Define $f : M(n \times n,\mathbb R) \to \mathbb R$ by $$f(A) = e^{\mbox{trace}(A)}$$ Calculate $Df(A)H$, where $H \in M(n \times n, \mathbb R)$.
I'm unsure on what $Df(A)H$ actually means. Is it the Frechet derivative of $f$ at $H$? And, if so, how would I go about calculating that?

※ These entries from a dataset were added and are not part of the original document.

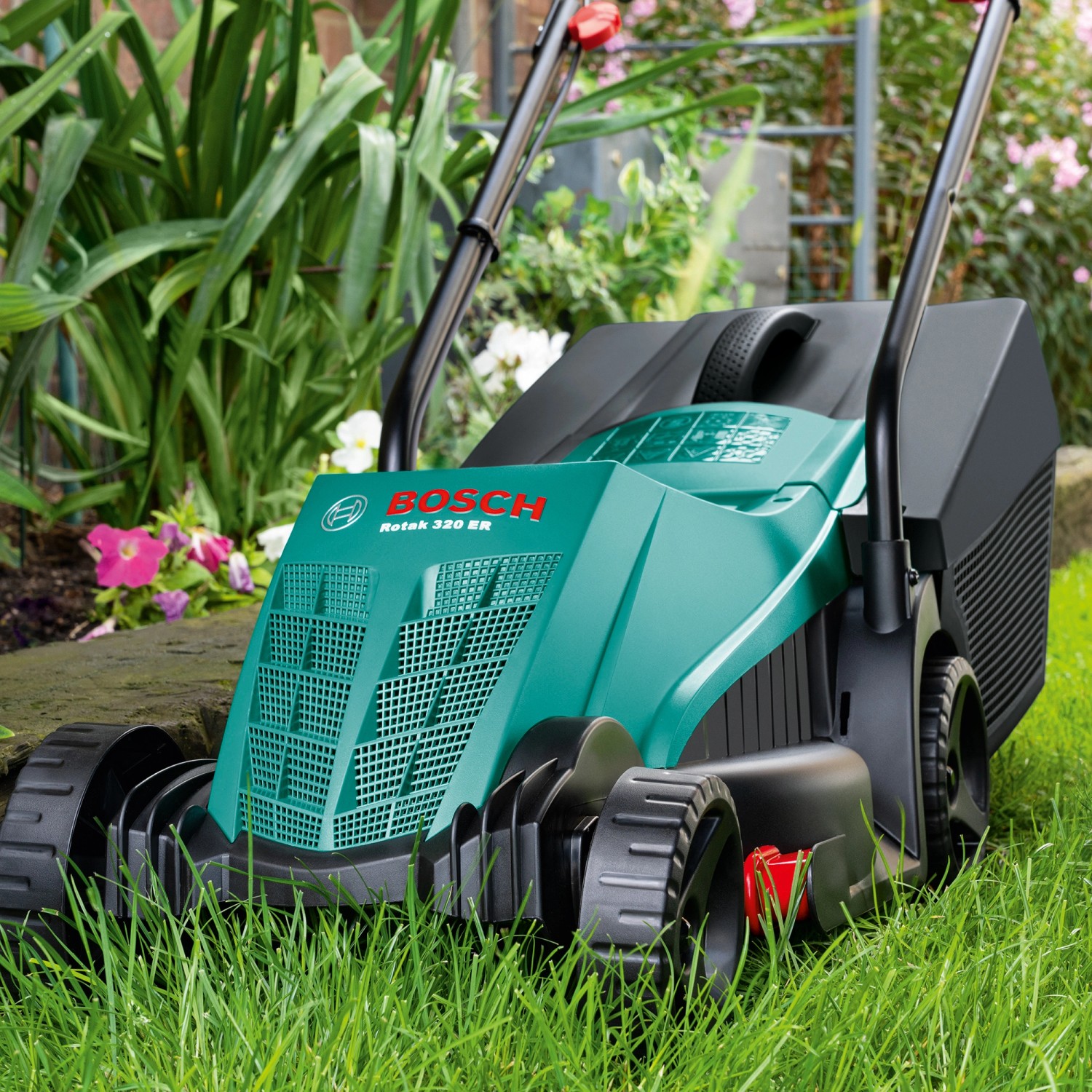Bosch Elektro-Rasenmäher Rotak 320 ER mit 31 l Fangkorb 1.200 W - Inkl. Versandkosten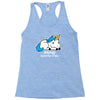 sad unicorn Racerback Tank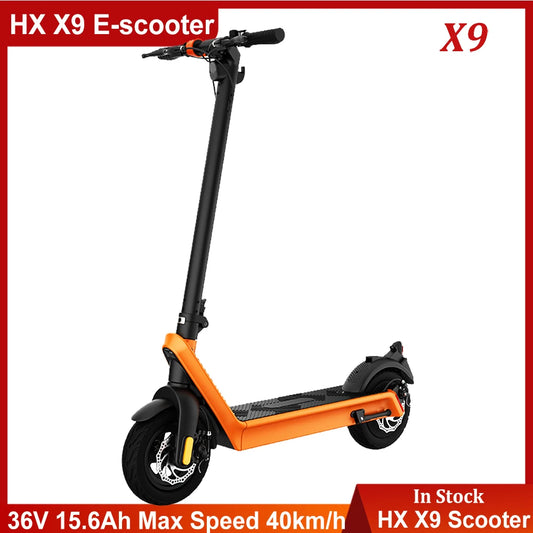 HX X9 PLUS Electric Scooter 500W 36V 15.6Ah 10inch 40km/h IP54 Skateboard Foldable Light Weight Outdoor.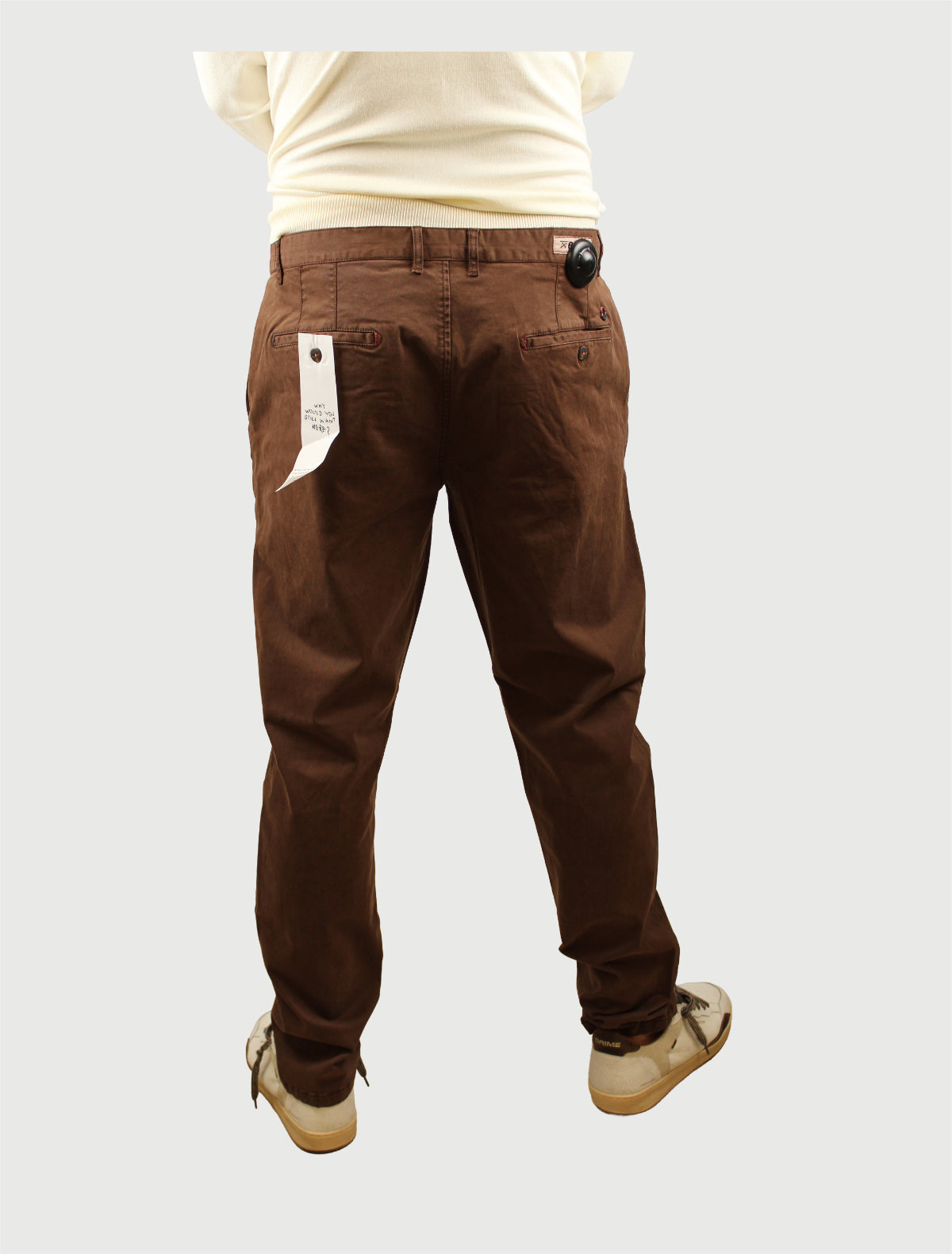 BERNA - PANTALONE SLIM GABARDINA-3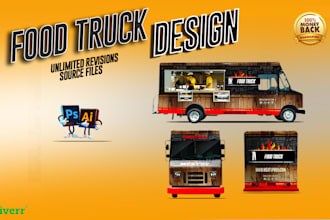create a food truck wrap, food van wrap, food trailer, and truck wrap design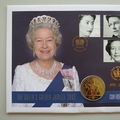 2002 The Queen's Golden Jubilee 5 Pounds Coin Cover - UK First Day Covers Westminster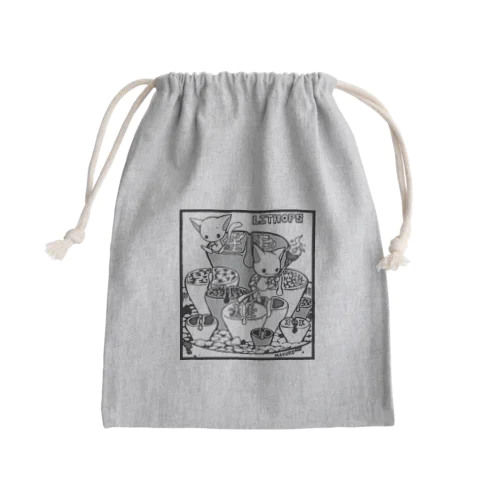 Shadow cat(リトープス) Mini Drawstring Bag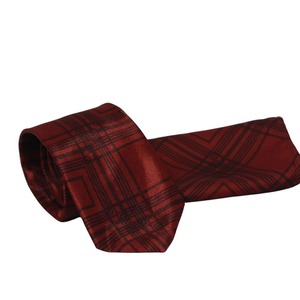 Cravate en polyester à motif écossais pour homme, collection 2026, idéale pour cadeau promotionnel d'affaires - Product Image 1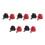 10 Pcs 200A All-Copper Lithium Post High-Current Copper Terminal Battery Connector  Storage Terminal(B) 1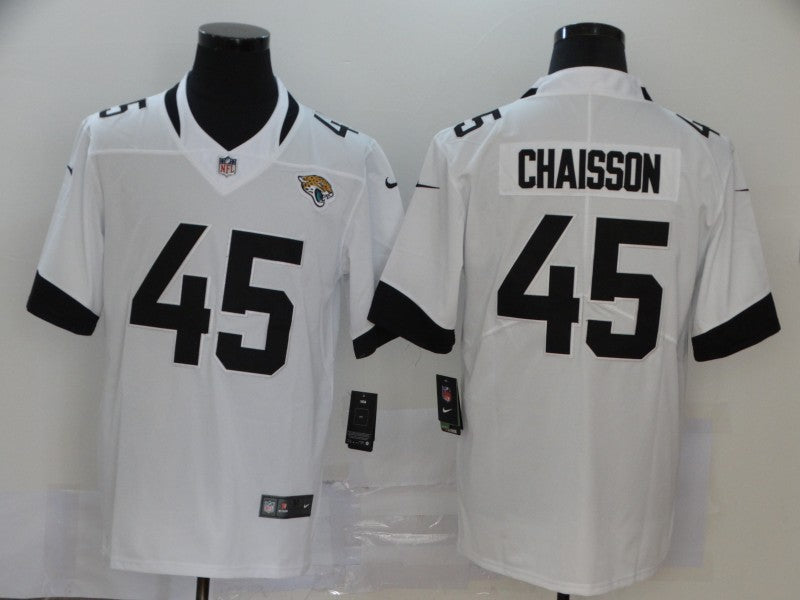 Men's Jacksonville Jaguars K'Lavon Chaisson #45 White Game Jersey1 football jersey product view 1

The notation $Df(A)H$ means the value of the Fréchet derivative of the function $f$ in the point $A$ in the direction $H$, that is, the directional derivative of $f$ in $A$ in the direction $H$: $$ Df(A)H = \lim_{t\to 0} \frac{1}{t}[f(A+tH)-f(A)]. $$ Define $g:\mathbb{R}\to\mathbb{R}$ by $$ g(t) = f(A+tH) = e^{\mbox{trace}(A)+t\mbox{trace}(H)}, $$ and note that $g'(0)=Df(A)H$. Indeed, \begin{align*} g'(0) &= \lim_{t\to 0} \frac{g(t)-g(0)}{t} \\ &= \lim_{t\to 0} \frac{1}{t}[f(A+tH) - f(A)]\\ &= Df(A)H. \end{align*} Now, $$ g'(t) = \mbox{trace}(H)e^{\mbox{trace}(A)+t\mbox{trace}(H)}, $$ thus $$ Df(A)H = g'(0) = \mbox{trace}(H)e^{\mbox{trace}(A)} $$